Judge Carl Nichols Is Assigned to Trump's Bid to Keep NY Tax Returns Secret
The former WilmerHale partner and clerk to Justice Clarence Thomas was assigned Friday to Trump's new lawsuit. Nichols was confirmed to the bench in May.
July 26, 2019 at 09:22 AM
5 minute read
U.S. District Judge Carl Nichols in Washington, the most recent trial judge confirmed to the bench, was assigned Friday to preside over President Donald Trump's bid to prevent a U.S. House committee from obtaining his New York state tax returns.
The assignment came less than 24 hours after U.S. District Judge Trevor McFadden spurned the president's attempt to put the case in his court.

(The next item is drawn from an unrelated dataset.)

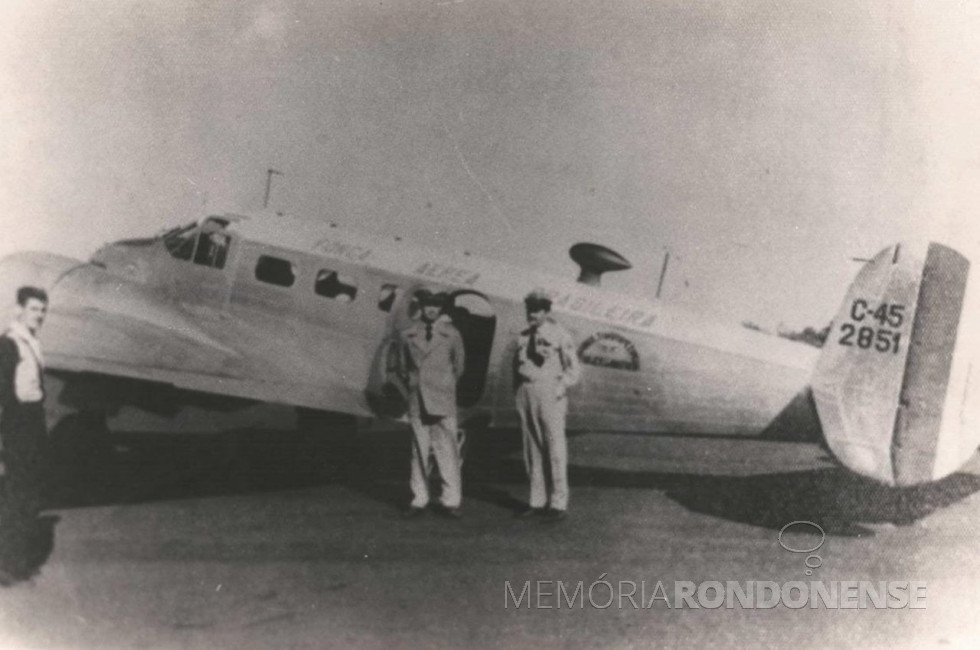 || Aeronave do Correio Aéreo Nacional, 1º pouso no aeroporto municipal de Toledo (PR), em setembro de 1953.
Imagem: Acervo Museu Histórico Willy Barth - FOTO 8 -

McFadden is presiding over a case the House filed against the Treasury Department and IRS, and Trump's lawyers had designated the new lawsuit as “related” to the pending one.
Nichols, like McFadden, was appointed by Trump to the federal trial court. A former Wilmer Cutler Pickering Hale and Dorr regulatory partner, Nichols was confirmed in May. The former clerk to Justice Clarence Thomas, during the 1997-1998 term, was earlier a leading U.S. Justice Department appellate lawyer before joining WilmerHale.

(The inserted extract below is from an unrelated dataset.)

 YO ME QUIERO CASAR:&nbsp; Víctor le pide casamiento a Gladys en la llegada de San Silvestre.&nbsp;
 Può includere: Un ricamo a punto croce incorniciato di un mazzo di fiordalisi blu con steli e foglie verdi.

This week, Trump's lawyers at Consovoy McCarthy had urged McFadden to quickly block the House Ways and Means Committee from obtaining copies of the president's New York state tax returns under a new law that permits state authorities to share the tax filings of top government officials on a request from a U.S. congressional committee.
At a hearing Thursday, McFadden said the two tax-returns suits were not “related” and Trump's new case would be reassigned randomly to another judge. McFadden, quoting language from an unrelated 2000 case, said he was mindful of trying “to avoid the appearance of judge-shopping or favoritism in assignments and to assure that cases were assigned on an impartial and neutral basis.”

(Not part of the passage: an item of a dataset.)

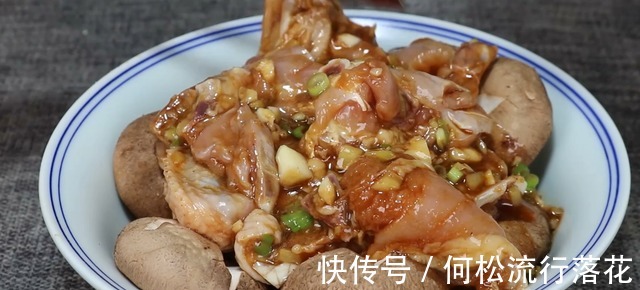 以后鸡肉就这样吃，不炒不炖，往锅里一倒，出锅瞬间流口水！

New York state lawmakers said at the time the law was passed, just a few weeks ago, that the move would allow greater cooperation between state and federal officials. Trump, despite vowing for months on the campaign trial that he would release his tax returns, has refused to do so. Trump was the first presidential candidate in modern times not to release tax returns.
Trump's lawyer William Consovoy argued that the House Ways and Means Committee, acting under the New York state law, called the Trust Act, could request Trump's tax returns “at any time, with no notice to the president. And New York could respond to the request nearly instantaneously, mooting the president's ability to object before his tax records are disclosed.”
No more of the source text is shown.